Unos dóciles y otros remisos, fueron todos volviendo los hierros a los cintos o a las fundas. Todos menos Téllez, que se resistía. Pero los mismos suyos le sujetaron los brazos. Avellaneda le quitó el cuchillo para que nadie pudiera hablar luego de desobediencia.
Coronel observó ceñudo a ese sujeto de rostro y jubón ensangrentado, pero no dijo nada. Se encaró con María Henríquez.
—La partesana, señora.
Ella se la entregó sin rechistar. Él sopesó el arma sin dejar de vigilar a Téllez con el rabillo del ojo. Ese se había puesto contra el rostro un paño que alguien le había alcanzado. Rechazaba a empellones a aquellos que intentaban sacarle de ahí. Coronel golpeó el suelo con la contera de la partesana.
—Por orden del rey, no ha de haber pendencias ni se permitirán duelos hasta que concluya el asedio de Teba. Haya, pues, paz. Que vuelva cada cual a lo suyo.
Se dirigió a María.
—Retírate, señora. Regresa al lado de tu padre.
Ella le miró con ojos ardientes. Luego a Téllez. Pero asintió sin rechistar.
—Eso haré, señor.
Se encaró, sin embargo, luego con los presentes.
—Obedezco porque lo manda el rey. Pero esto no quedará así. Delante de todos vosotros juro que la ofensa que me ha hecho ese mal hombre no quedará sin castigo. Hasta que eso ocurra llevaré luto.
Se bajó de un tirón el velo sobre el rostro.
—Nadie volverá a verle en público la cara a María Henríquez, hasta que mi nombre haya sido vengado.
Coronel se dirigió a Téllez con los labios fruncidos. De reojo, advirtió que Gome Caldera se llevaba a su ahijada de allí. Y que Montenegro con sus guardas les acompañaban. Mejor así, no fuera a haber alguna mala sorpresa entre esas mesas y la almofalla de Gamboa.

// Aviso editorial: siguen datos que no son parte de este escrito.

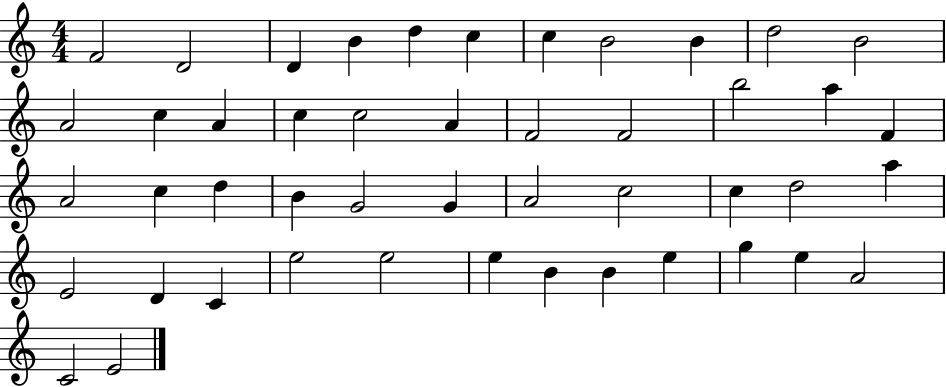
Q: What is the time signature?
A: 4/4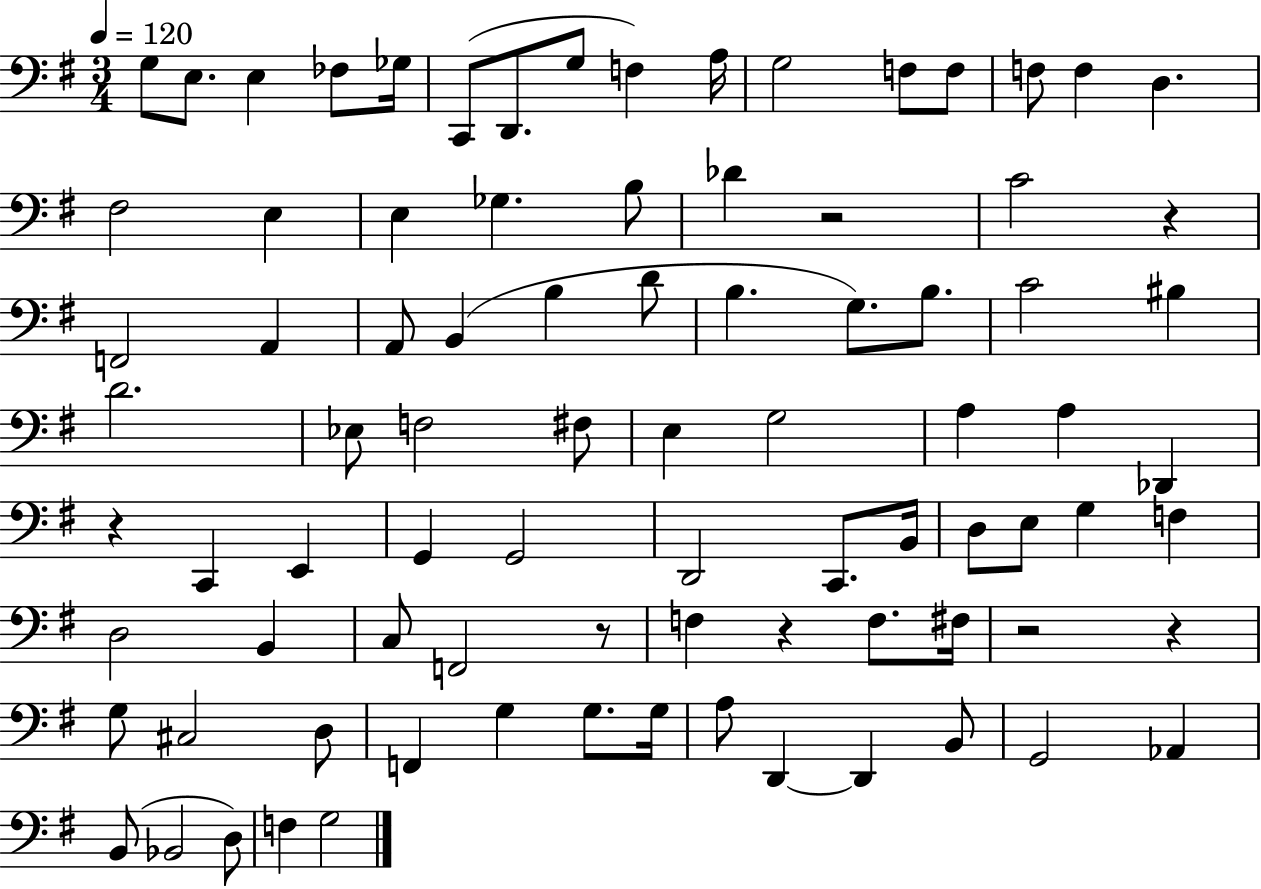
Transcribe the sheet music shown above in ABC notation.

X:1
T:Untitled
M:3/4
L:1/4
K:G
G,/2 E,/2 E, _F,/2 _G,/4 C,,/2 D,,/2 G,/2 F, A,/4 G,2 F,/2 F,/2 F,/2 F, D, ^F,2 E, E, _G, B,/2 _D z2 C2 z F,,2 A,, A,,/2 B,, B, D/2 B, G,/2 B,/2 C2 ^B, D2 _E,/2 F,2 ^F,/2 E, G,2 A, A, _D,, z C,, E,, G,, G,,2 D,,2 C,,/2 B,,/4 D,/2 E,/2 G, F, D,2 B,, C,/2 F,,2 z/2 F, z F,/2 ^F,/4 z2 z G,/2 ^C,2 D,/2 F,, G, G,/2 G,/4 A,/2 D,, D,, B,,/2 G,,2 _A,, B,,/2 _B,,2 D,/2 F, G,2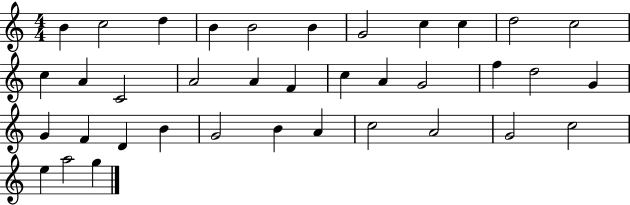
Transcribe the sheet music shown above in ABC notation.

X:1
T:Untitled
M:4/4
L:1/4
K:C
B c2 d B B2 B G2 c c d2 c2 c A C2 A2 A F c A G2 f d2 G G F D B G2 B A c2 A2 G2 c2 e a2 g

—Retírate tú también, adalid. Busca un físico y que te curen esa herida.
—¿Eso es todo?
—¿Quieres más? Me parece que por esta noche ya llevas de sobra.
—Esa, esa… —Por una vez contuvo su mala lengua—. Me atacó. Me pegó una lanzada.
—Doy fe. Lo vi todo y creí que te mataba.
—¿No piensas hacer nada? ¿Cómo cuadra eso con la orden del rey de no armar pendencia?
—Tal vez no entendemos igual qué significa «armar pendencia». Ya te he dicho que lo presencié todo. Oí vuestra discusión. Ofendiste al honor de su linaje. La insultaste a ella a través de los de su sangre. A mi entender, es igual que si hubieses sacado un cuchillo o la hubieses abofeteado. Ella defendió su honor y por Dios que lo hizo bien.
Téllez, oprimiendo contra la mejilla el trapo ya rojo, no se animó a replicar. Así que Coronel zanjó, partesana en mano.
—Si estás en desacuerdo, acude a nuestro señor el rey. Él hará justicia. Pero ten cuidado, no sea que esa justicia no te sea favorable. Mi consejo es que dejes estar el asunto. No remuevas las aguas.
Se desentendió de él para volver junto con los alguaciles reales. Entregó la partesana a su dueño.
—Custodia con más celo tus armas.
El herido, por su parte, ya cuando se marchaba puso un ojo en los navarros. El izquierdo, porque el derecho estaba cerrado de la hinchazón.
—Recordaré vuestras caras.
Eso se lo dijo a Beaumont. Pero fue Abarca el que le respondió con cachaza.
—Es curioso. Eso mismo te iba yo a aconsejar. Que no te olvidases de nuestras caras.